Clod Magazine begs the populace to “put away your lutes and stop whistling” in this 29th edition of Luton UK’s bastion of satire (without responsibility).
A free 8 page supplement features fine examples of the modern phenomenon of exercises from ‘Adult Colouring Books’.
Modern advice for CV writing is provided by Harvard Business School lecturer Scott Cougar-Schwartz (recently discharged from the slammer).
Derek Jeans updates us with his fashion news (OUT ! - Aspirations. IN! - Aspic rations).
Clod stalwart J.Daggers enlightens us with tales from his secret ‘IS’ diary, while Alan Vaughan’s ‘Emphasis’ page is taken over by Mike Levelbadges. By arguing the case for “disappearance” rather than “diet” Mike reveals a dangerously low self-esteem.

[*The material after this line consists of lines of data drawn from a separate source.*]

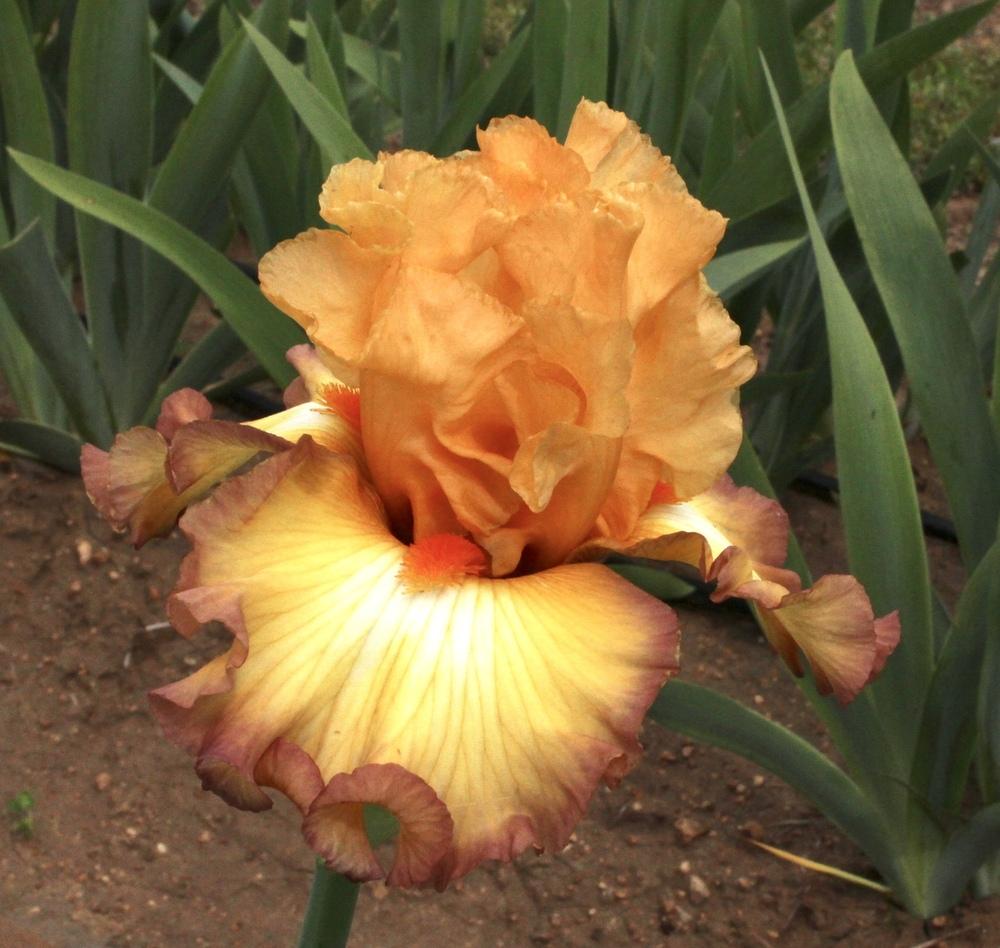 Photo of Tall Bearded Iris (Iris 'Oil Painting') uploaded by Moiris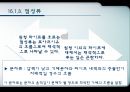  점성 11페이지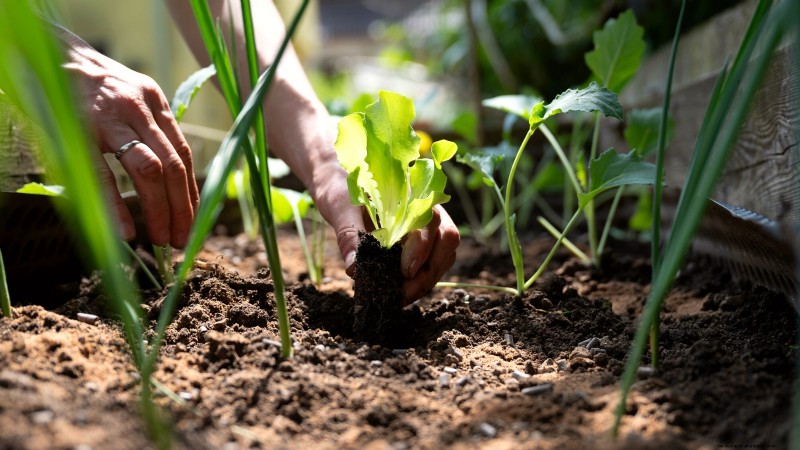 Entwerfen Sie einen schönen und produktiven französischen Potager-Garten 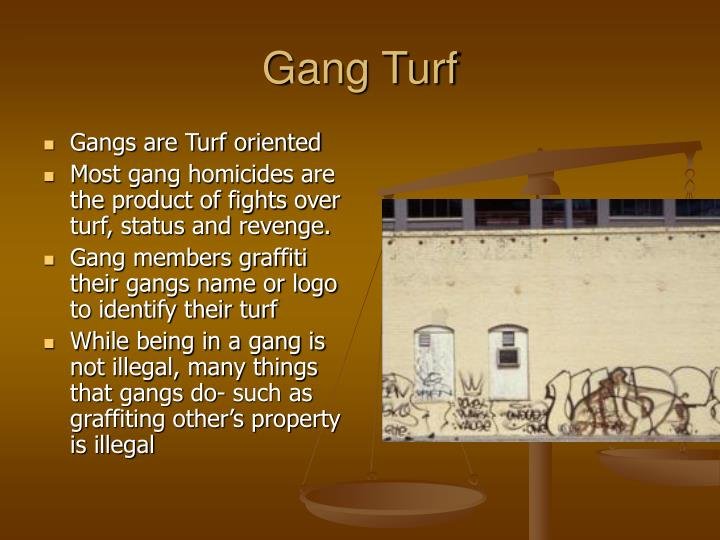 gang-turf-n.jpg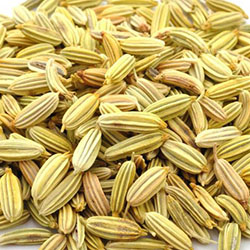 Fennel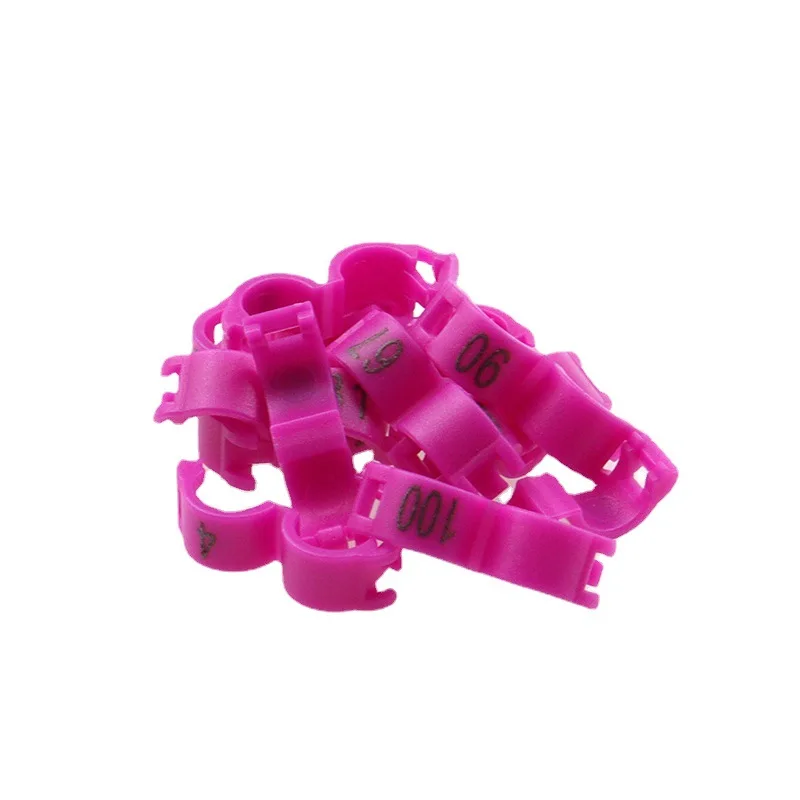 Customize Pigeon Ring 2.7/3/4/4.5/5mm Plastic Bird Ring Pigeon Digital Foot Parrot Leg Rings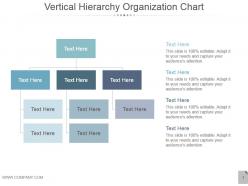 Vertical hierarchy organization chart ppt design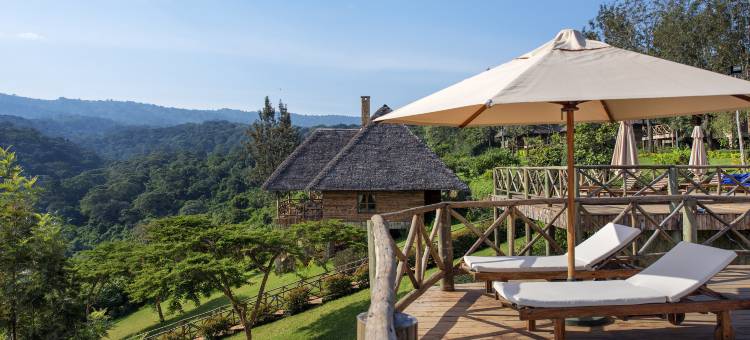 内普顿内格罗格豪华度假村-全包服务(Neptune Ngorongoro Luxury Lodge)图片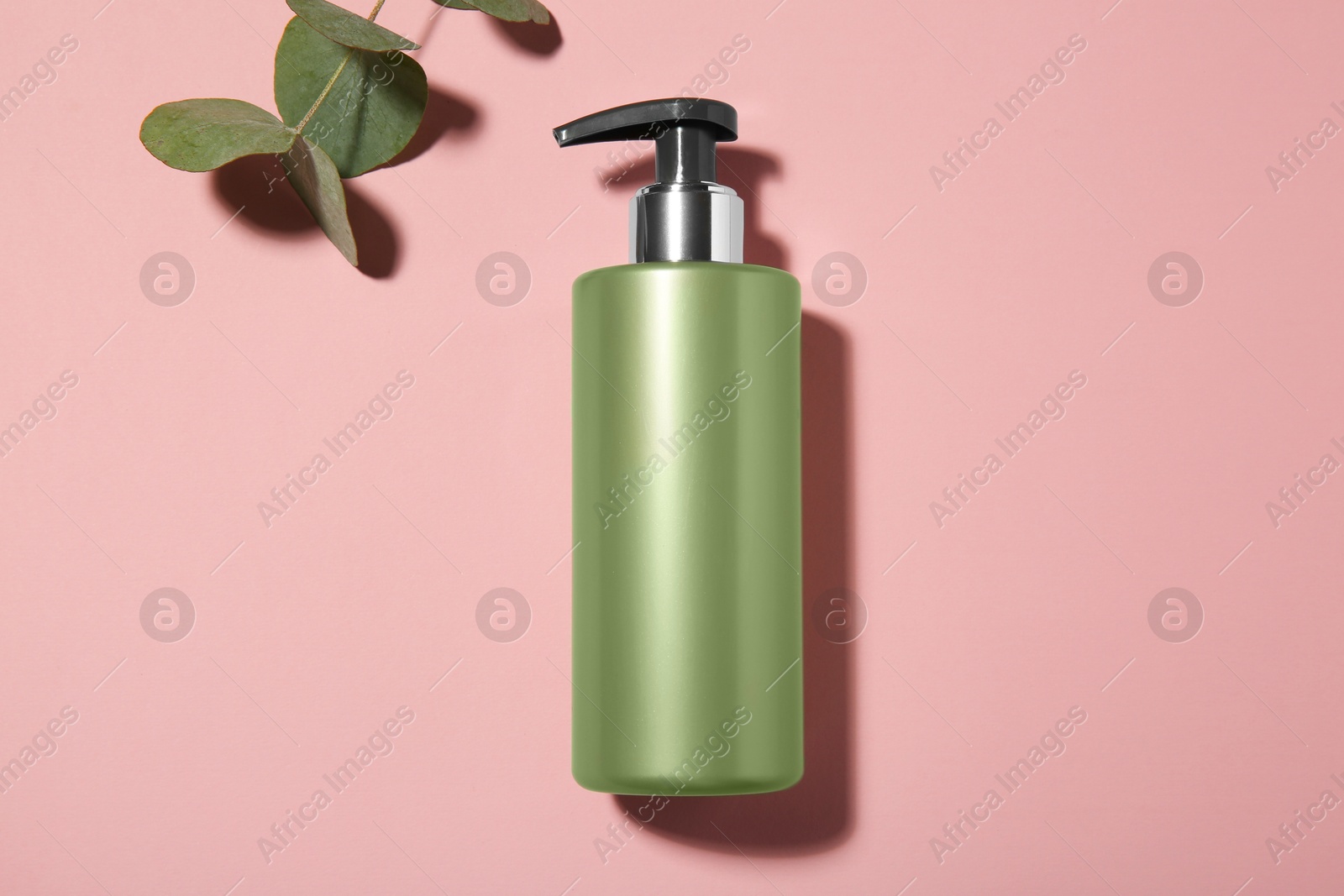 Photo of Bottle of shampoo and eucalyptus branch on pink background, flat lay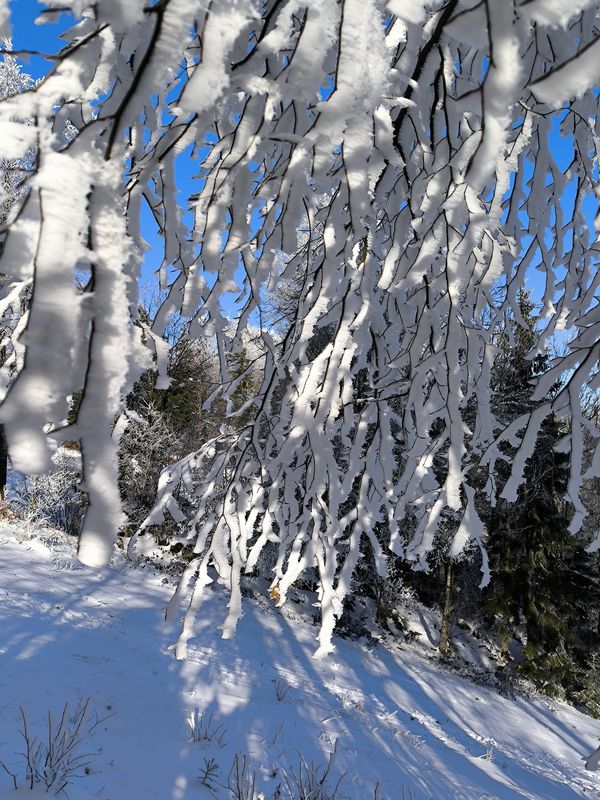 ParadiĹľ - KoÄŤa na Mrzl'ku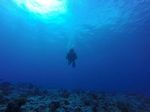 Hawaii Scuba divng 52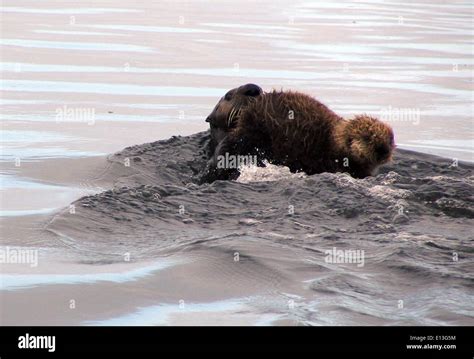 Sea otter mom and pup Stock Photo - Alamy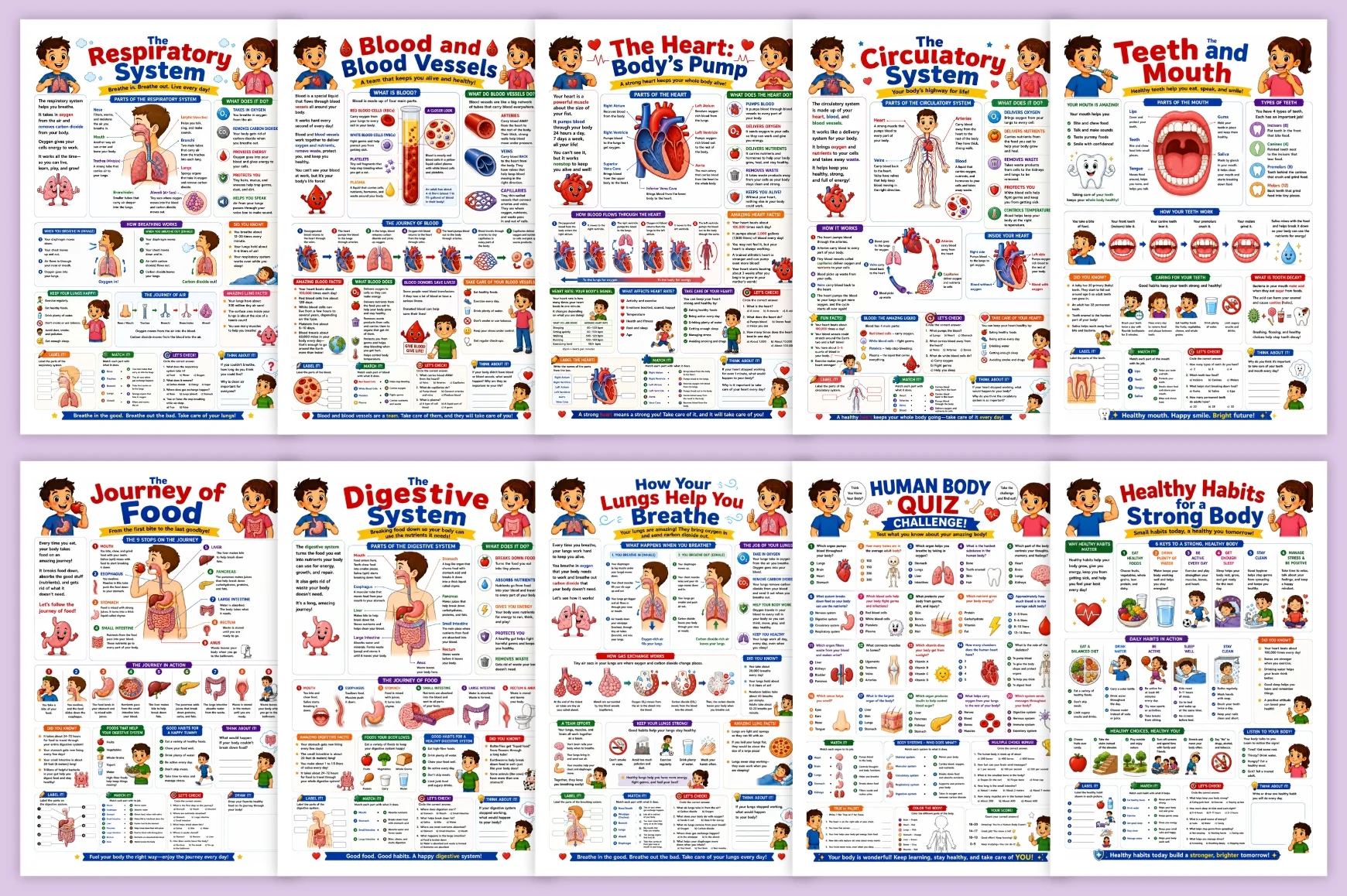 Human Body Adventure For Kids - Image 3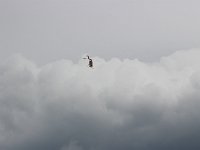 IMG 7735  -->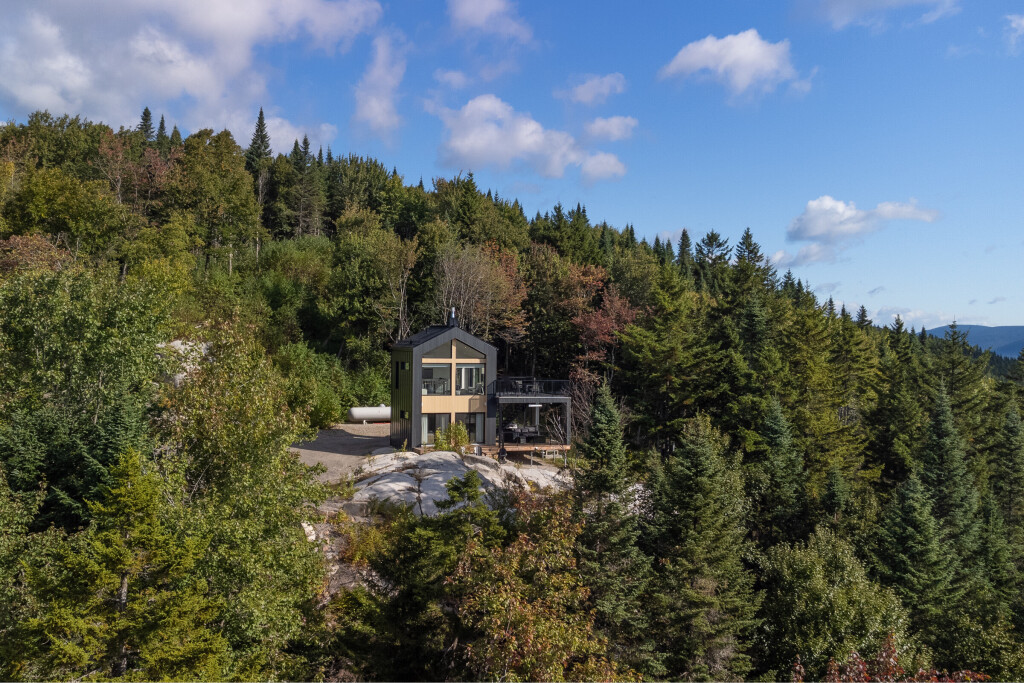 Nature,, Fir, Tree, Conifer, Spruce, Scenery, Person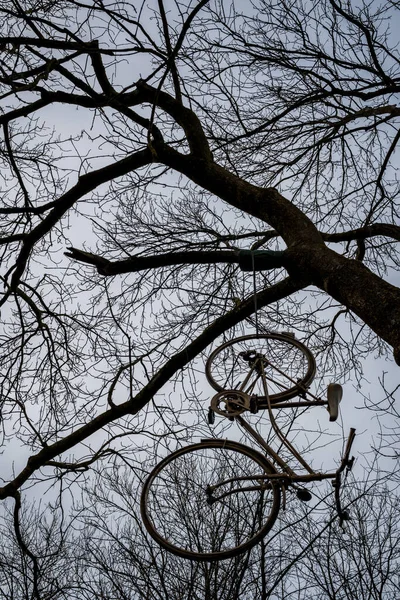 Bicicleta pendura em uma árvore — Fotografia de Stock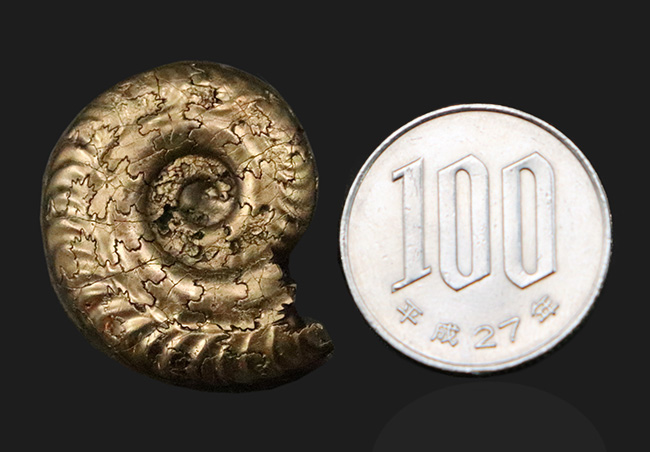 「賢者の選択」フランス・アヴェロン産の黄鉄鉱化アンモナイト（Ammonite）（その8）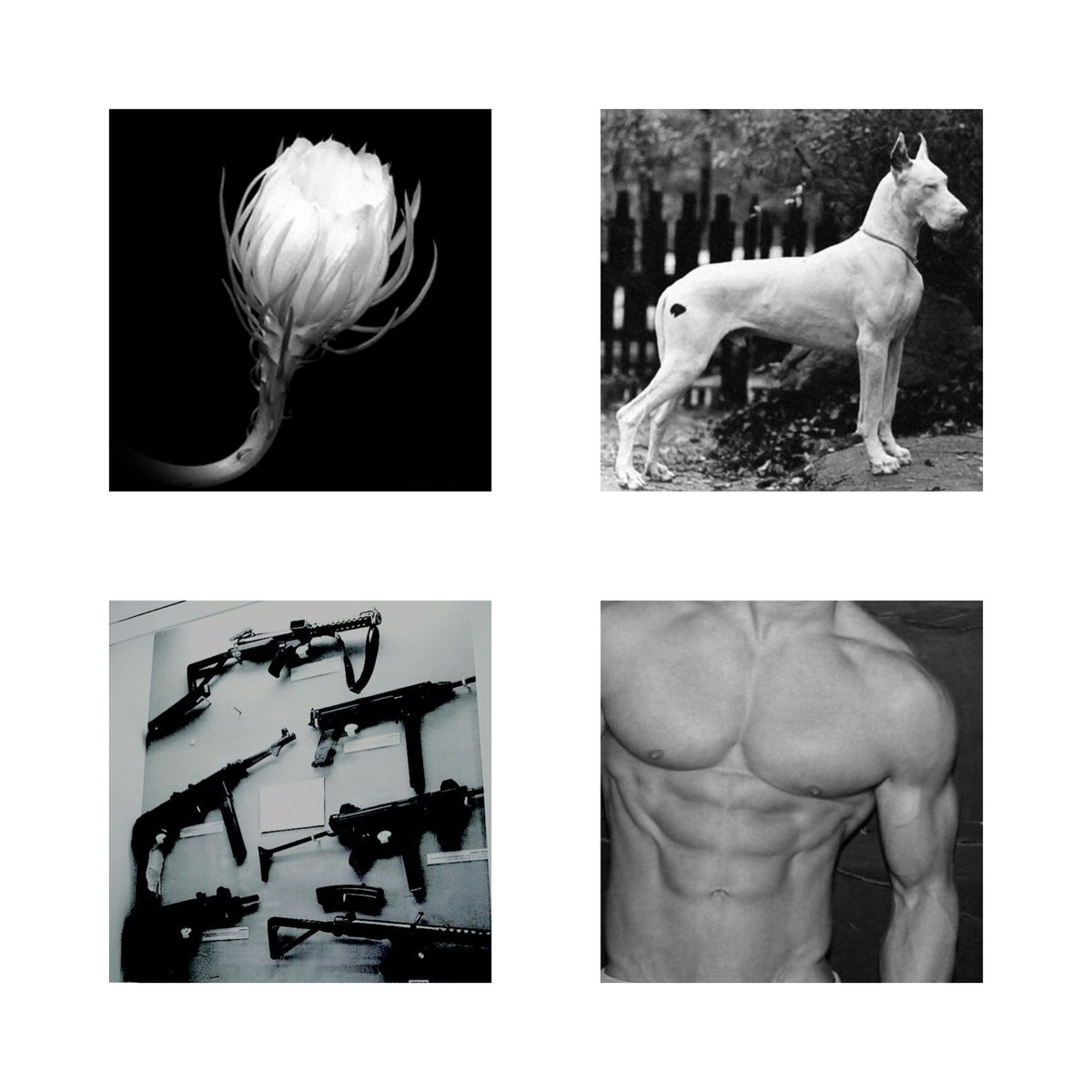 ʀᴋ𝟷𝟶𝟶𝟶: ᴇǫᴜɪᴘᴘᴇᴅ ᴡɪᴛʜ ᴛʜᴇ ᴍᴏsᴛ sᴜᴘᴇʀɪᴏʀ ɪɴᴛᴇʀʀᴏɢᴀᴛɪᴏɴ, ɪɴᴛɪᴍɪᴅᴀᴛɪᴏɴ, ᴄᴏᴍʙᴀᴛ, ᴀɴᴅ ᴅᴀᴛᴀ ᴄᴏʟʟᴇᴄᴛɪɴɢ ᴘʀᴏɢʀᴀᴍs.

ᴛʜɪs ᴍᴏᴅᴇʟ ᴡᴀs ɪɴɪᴛɪᴀʟʟʏ ᴄʀᴇᴀᴛᴇᴅ ᴛᴏ ʙᴇ ᴀ ᴍɪʟɪᴛᴀʀʏ ᴀɴᴅʀᴏɪᴅ ᴀɴᴅ ɪs ʜɪɢʜʟʏ ᴅᴀɴɢᴇʀᴏᴜs.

Regular column “Listing Badly” acts as a guide to health tourists wishing to improve their health. It recommends chiropody in Beirut, hysterectomy in Benidorm, and ears syringed in Tunis, amongst others.
News from beleaguered Britain concentrates on the campaign for Decent English by Eliott Smoke, (“keep your hands off the semicolon”), as well as a pub guide to British chain “Wetherspoons”, (“a vast, old converted cinema with a serious lack of charm”), brought to you by A.Weizen.
‘The Promise of Exposure’ attempts to dissuade artists from selling their souls, suggesting that only “starvation and thirst"await those who accept publicity over actual payment.
Tim Fitzayre delights us with a further adventure of french cartoon heroes "Abbleau l'oie et Garamond”.